PySpark Read and Write MySQL Database Table

  • Post author:
  • Post category:PySpark
  • Post last modified:March 3, 2023
  • Reading time:13 mins read

How to connect to MySQL database Server from PySpark and read the table into DataFrame and write the DataFrame to the table?

Steps to connect PySpark to MySQL Server and Read and write Table.

  • Step 1 – Identify the PySpark MySQL Connector version to use
  • Step 2 – Add the dependency
  • Step 3 – Create SparkSession & Dataframe
  • Step 4 – Save PySpark DataFrame to MySQL Database Table
  • Step 5 – Read MySQL Table to PySpark Dataframe

In order to connect to MySQL server from PySpark, you would need the following. Make sure you have these details before you read or write to the MySQL server.

  • MySQL server address & port
  • Database name
  • Table name
  • User name and
  • Password

1. MySQL Connector for PySpark

To read a table using jdbc() method, you would minimum need a driver, server ip, port, database name, table, user, and port. JDBC is a Java standard to connect to any database as long as you provide the right JDBC connector jar in the classpath and provide a JDBC driver using the JDBC API. PySpark also leverages the same JDBC standard when using jdbc() method.

The connector I am using in this article is mysql-connector-java.jar and the driver I am using com.mysql.jdbc.Driver.

MySQL provides connectors for each server version hence, please choose the right version based pm server version you use. Download the mysql-connector-java-8.0.13.jar and keep it in your current directory.

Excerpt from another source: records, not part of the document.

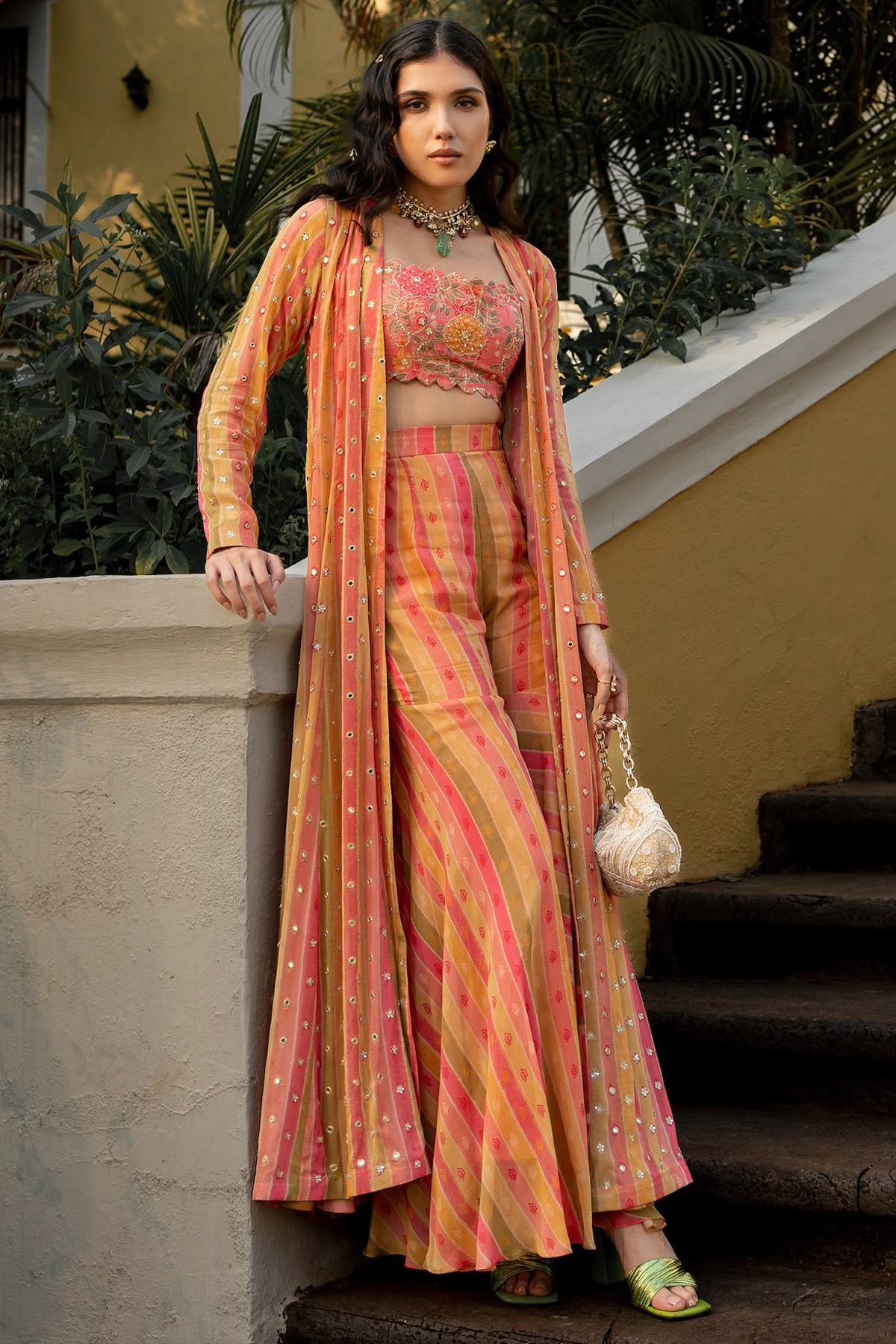 traditional dresses_Multi-Colored Georgette Embroidered Jacket Set by Paulmi & Harsh at Pernia's Pop Up Shop 2025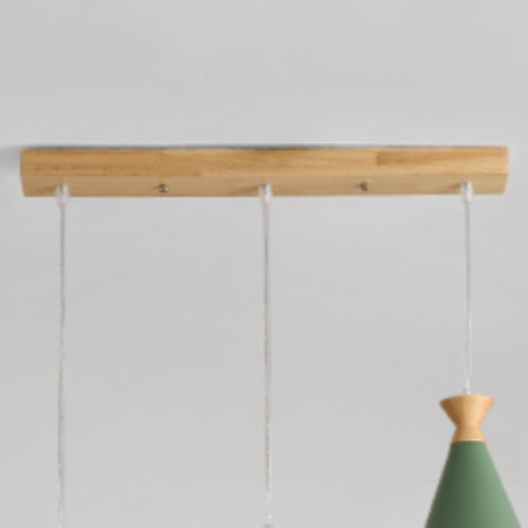 Scandinavian pendant light with conical shade and wooden detail Avi - vue 6 sur 7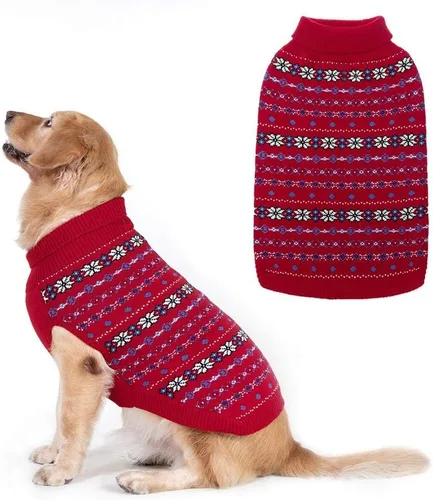 Vista 8 de BINGPET Suéter para Perro - Ropa Navideña de Invierno Cálida para Perros - Suéter de Cuello de Tortuga para Perros Pequeños, Medianos y Grandes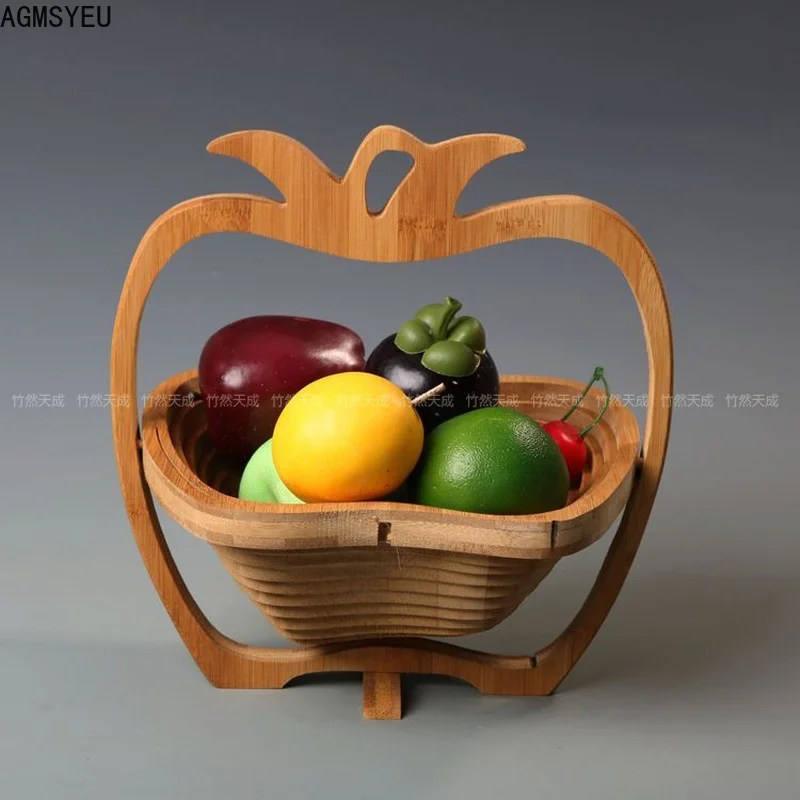 AGMSYEU Creative Bamboo Foldable Fruit Plate Thicken Home B&B Hotel Decoration Apple Dried Fruit Snacks Nan Bamboo Plate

2. Create SparkSession & DataFrame

Creating a SparkSession is a basic step to work with PySpark hence, first, let’s create a SparkSession and construct a sample DataFrame with columns id, name, age and gender. In the below sections, I will use this DataFrame to write into a MySQL table and read from it.


# Imports
from pyspark.sql import SparkSession

# Create SparkSession
spark = SparkSession.builder \
           .appName('SparkByExamples.com') \
           .config("spark.jars", "mysql-connector-java-8.0.13.jar")
           .getOrCreate()

# Create DataFrame 
columns = ["id", "name","age","gender"]
data = [(1, "James",30,"M"), (2, "Ann",40,"F"),
    (3, "Jeff",41,"M"),(4, "Jennifer",20,"F")]

sampleDF = spark.sparkContext.parallelize(data).toDF(columns)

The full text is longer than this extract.